Sehen Sie eine Gefahr, mit dieser Art von Auseinandersetzung der AfD mehr Aufmerksamkeit zukommen zu lassen, als es nach deren parlamentarischer Arbeit eigentlich notwendig wäre?
Ja, die Gefahr besteht natürlich immer, und das ist ja auch die Taktik dieser Partei. Andererseits müssen wir denen auch immer wieder klar zeigen, was im Parlament nicht geht, und dazu gehört unter anderem Hetze gegen Minderheiten. Das müssen wir dann auch benennen und ihnen immer wieder die Grenzen aufzeigen.
Dass Wolfgang Schäuble das Amt des Bundestagspräsidenten übernommen hat, lag mehr daran, dass man ihm aufgrund seiner langjährigen parlamentarischen Erfahrung zutraut, die AfD schnell in den Griff zu bekommen. Gelingt das Schäuble und dem Präsidium des Bundestags?

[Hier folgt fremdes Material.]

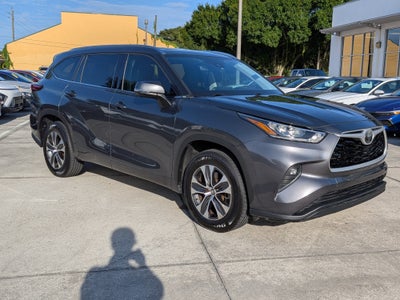 2020 Toyota Highlander XLE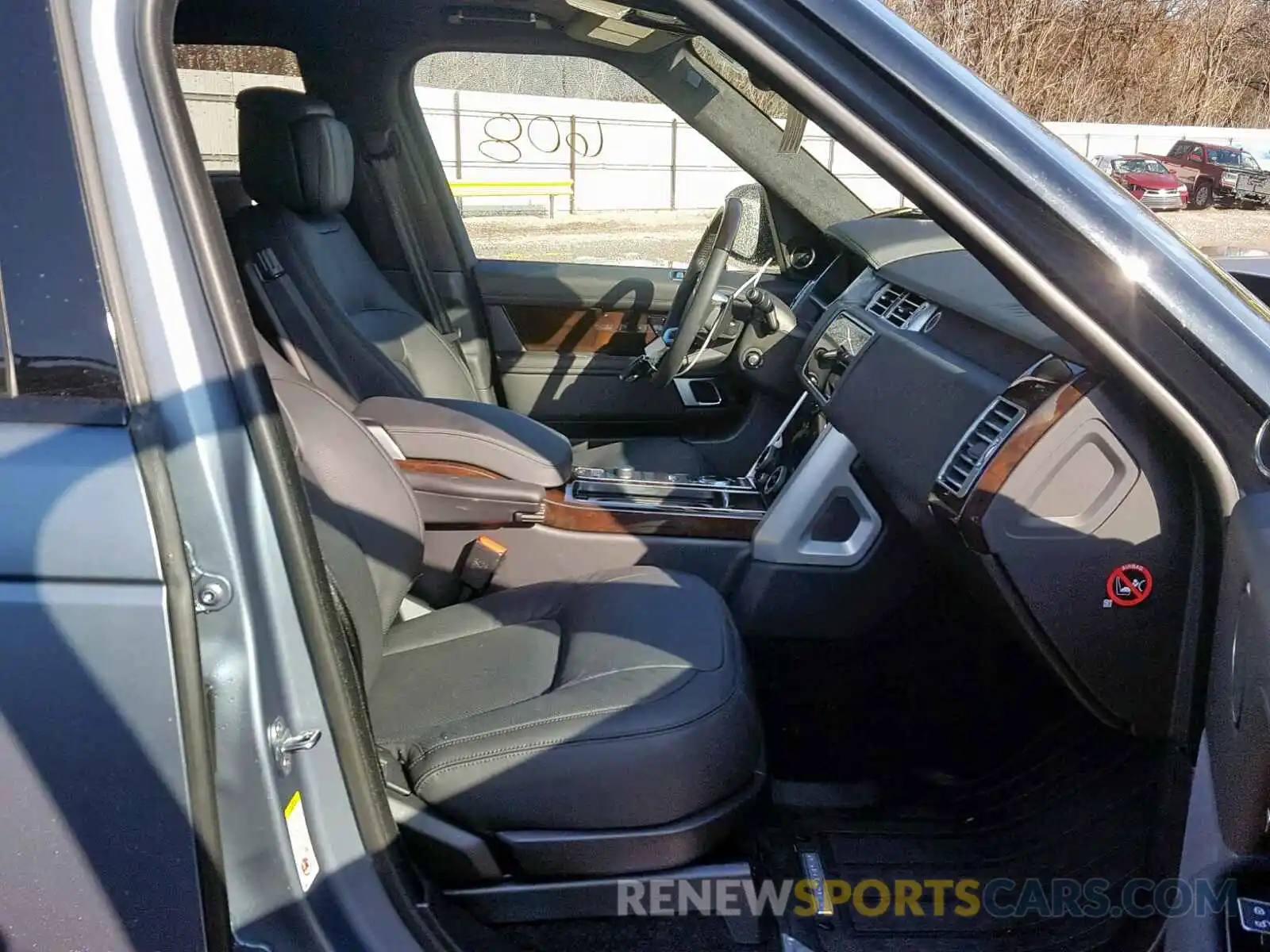 5 Photograph of a damaged car SALGS5RE1KA529161 LAND ROVER RANGE ROVE 2019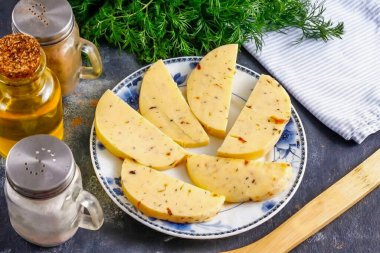 Peyniri küp ya da yarım halka şeklinde kes. En az 0.5 cm kalınlığında..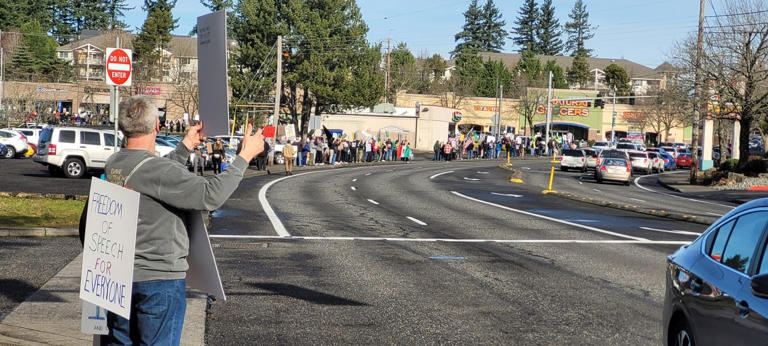 Federal agents use tear gas on Oregon 'ICE Out' protesters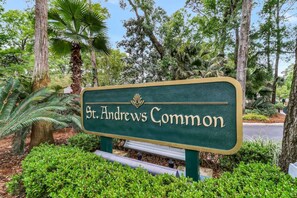 A sign for St. Andrews Common with a green background and gold lettering. - Walk to Beach & Golf | 2 BR Palmetto Dunes Villa (Hilton Head Island)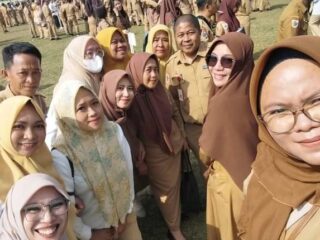 Pejabat dan Staf Sekretariat DPRD Kotamobagu Ikuti Apel Perdana di Alun-Alun Boki Hotinimbang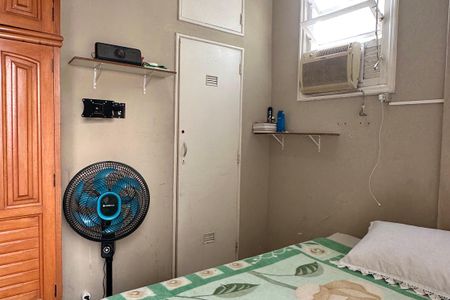 Apartamento à venda com 185m², 4 quartos e 1 vaga Apartamento à venda com 185m², 4 quartos e 1 vagaQuarto de Serviço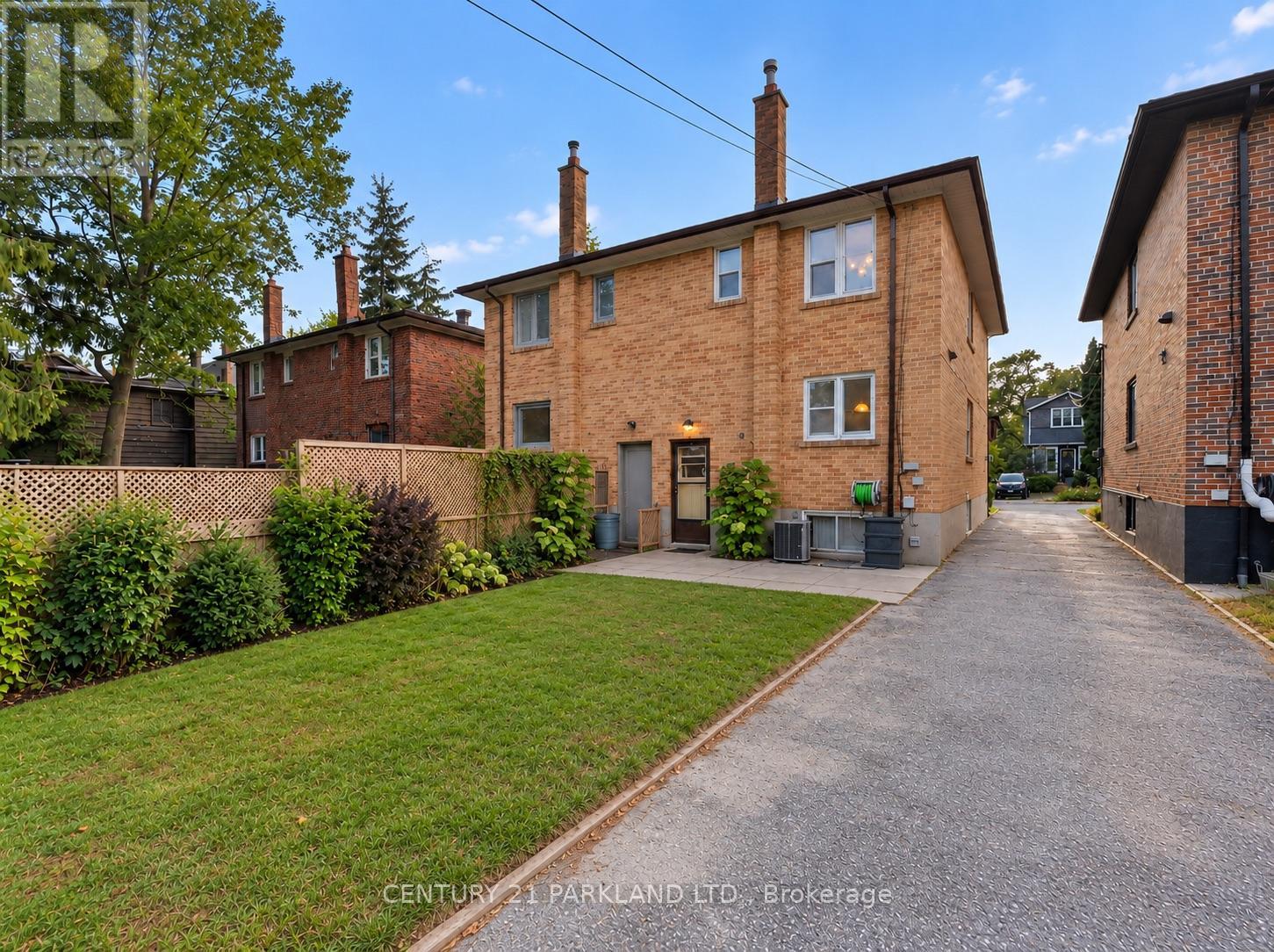 85 VICTORIA PARK AVENUE - 23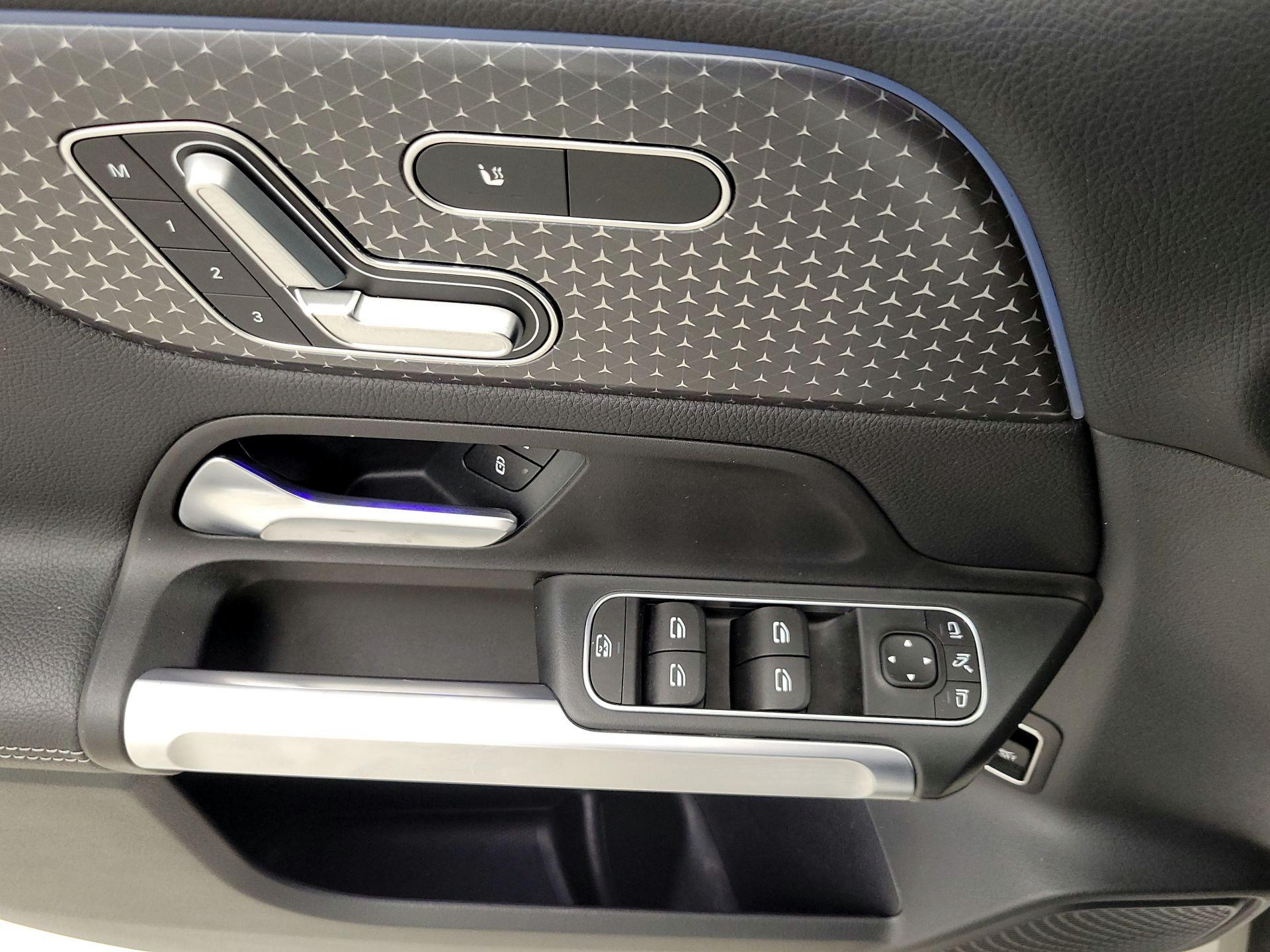 Thumbnail: 2024 Mercedes-Benz GLB - 12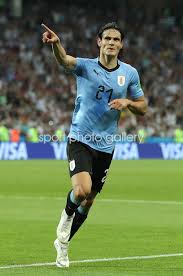 Cómo no recomendar a esta persona maravillosa, humilde y de gran corazon. Edinson Cavani Uruguay V Portugal Sochi World Cup 2018 Images Football Posters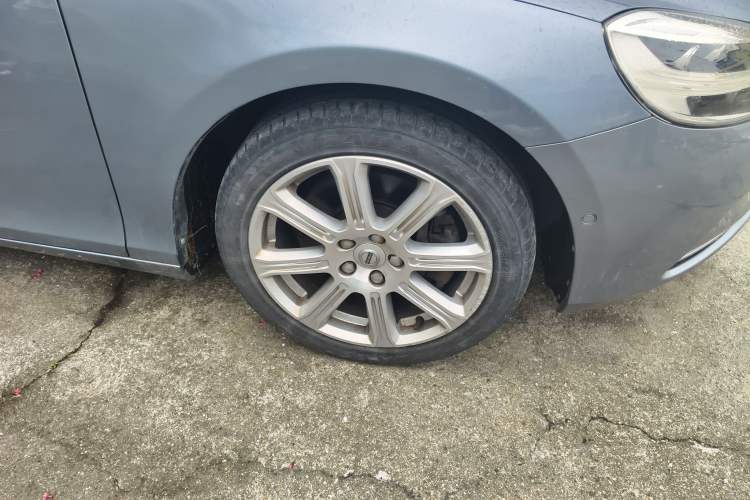 Used Volvo V40 2017 T3 Zhiya Edition Right Front Wheel Hub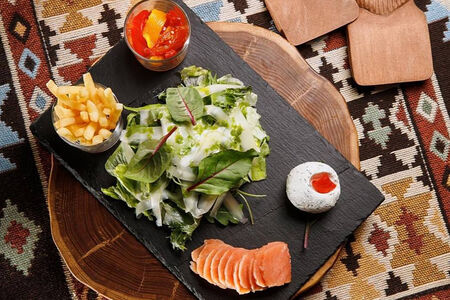 Салат Грузин в Париже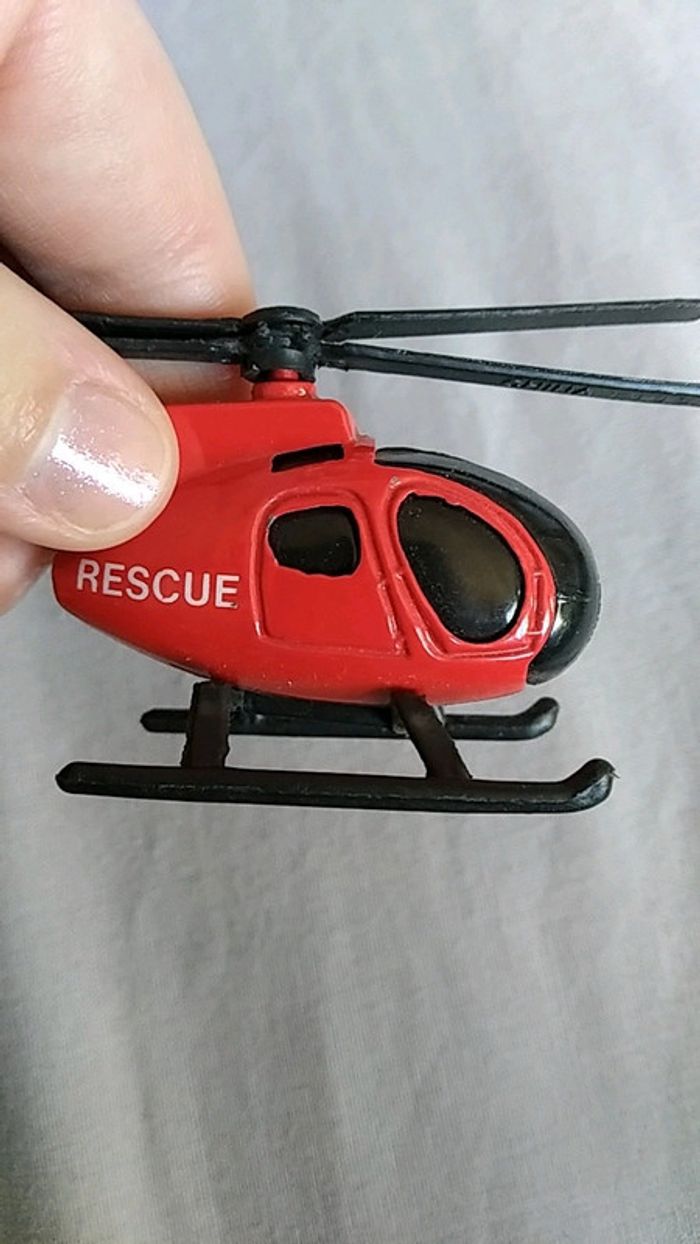Hélicoptère rescue - photo numéro 5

Wolfgang Schäuble macht eher einen ruhigen Eindruck, dessen Autorität sich tatsächlich aus seiner langjährigen Mitgliedschaft des Parlaments ableitet, aber es kommt natürlich auch immer auf die Themen an. Ich habe da vor drei Wochen noch die Debatte über die Erinnerungskultur in Deutschland vor Augen, in der die AfD dann ganz schnell ausfällig geworden ist. Diese Sitzung hatte Bundestags-Vizepräsident Wolfgang Kubicki geleitet und hat da ganz schnell mit Ordnungsrufen durchgegriffen. Das hat mich sehr beindruckt, wie Kubicki der AfD gezeigt hat, was im Hohen Haus alles nicht geht. Bei manchen Abgeordneten der AfD habe ich immer das Gefühl, die vergessen gerade, wo sie eigentlich sprechen.
Ihr Resümee nach knapp einem halben Jahr Bundestag: ein Schubs ins kalte Wasser mit vielen Überraschungen?
Absolut ein Schubs ins kalte Wasser. Aber wie ich es schon nach meiner ersten Rede hier im Hohen Haus gefühlt habe, es funktioniert, auch wenn man am Tag vorher noch nicht so überzeugt davon ist. Das sind hier eine Menge neuer Herausforderungen, aber es macht auch Spaß. Und ich habe das Gefühl, die Leute sind jetzt nach der Wahl politisierter als noch vor der Wahl.